= Beginning of Section =

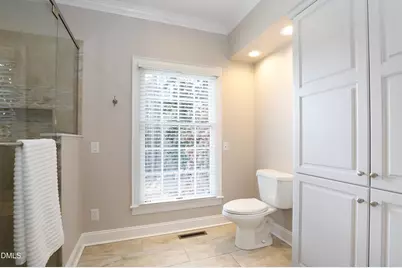 10 Country Club Drive, Siler City, NC 27344 - Photo 60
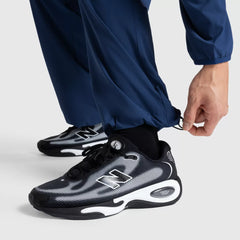 Klutch Athletics Woven Pant - New Balance Clothing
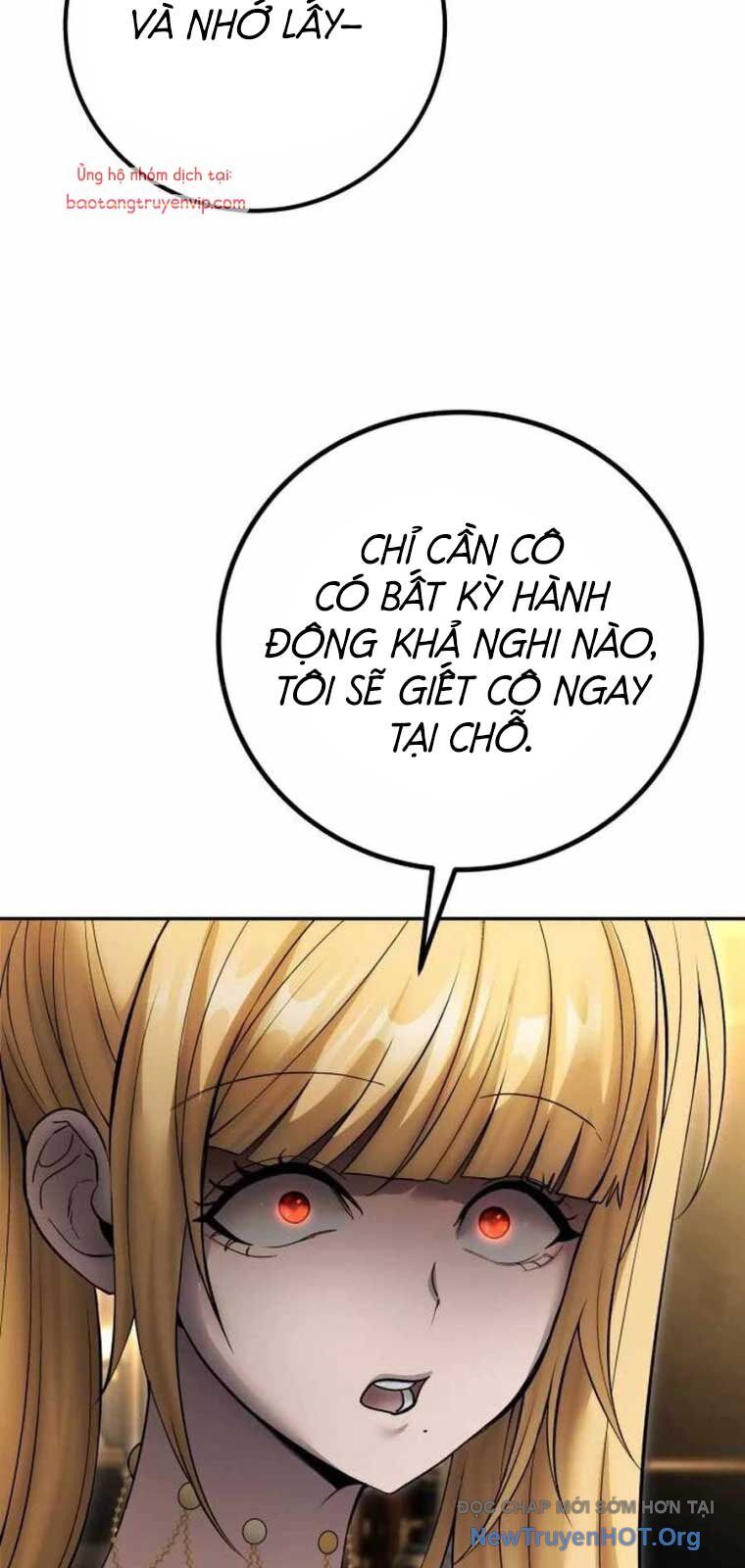 Tôi Mạnh Hơn Anh Hùng Chương 81 Ảnh 102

= End of Section =

▸ **Exercise goal**
Write the listing out a second time exactly, dropping all images.

▸ **Output of the task**
 10 Country Club Drive, Siler City, NC 27344 - Photo 60
 Klutch Athletics Woven Pant - New Balance Clothing
 Tôi Mạnh Hơn Anh Hùng Chương 81 Ảnh 102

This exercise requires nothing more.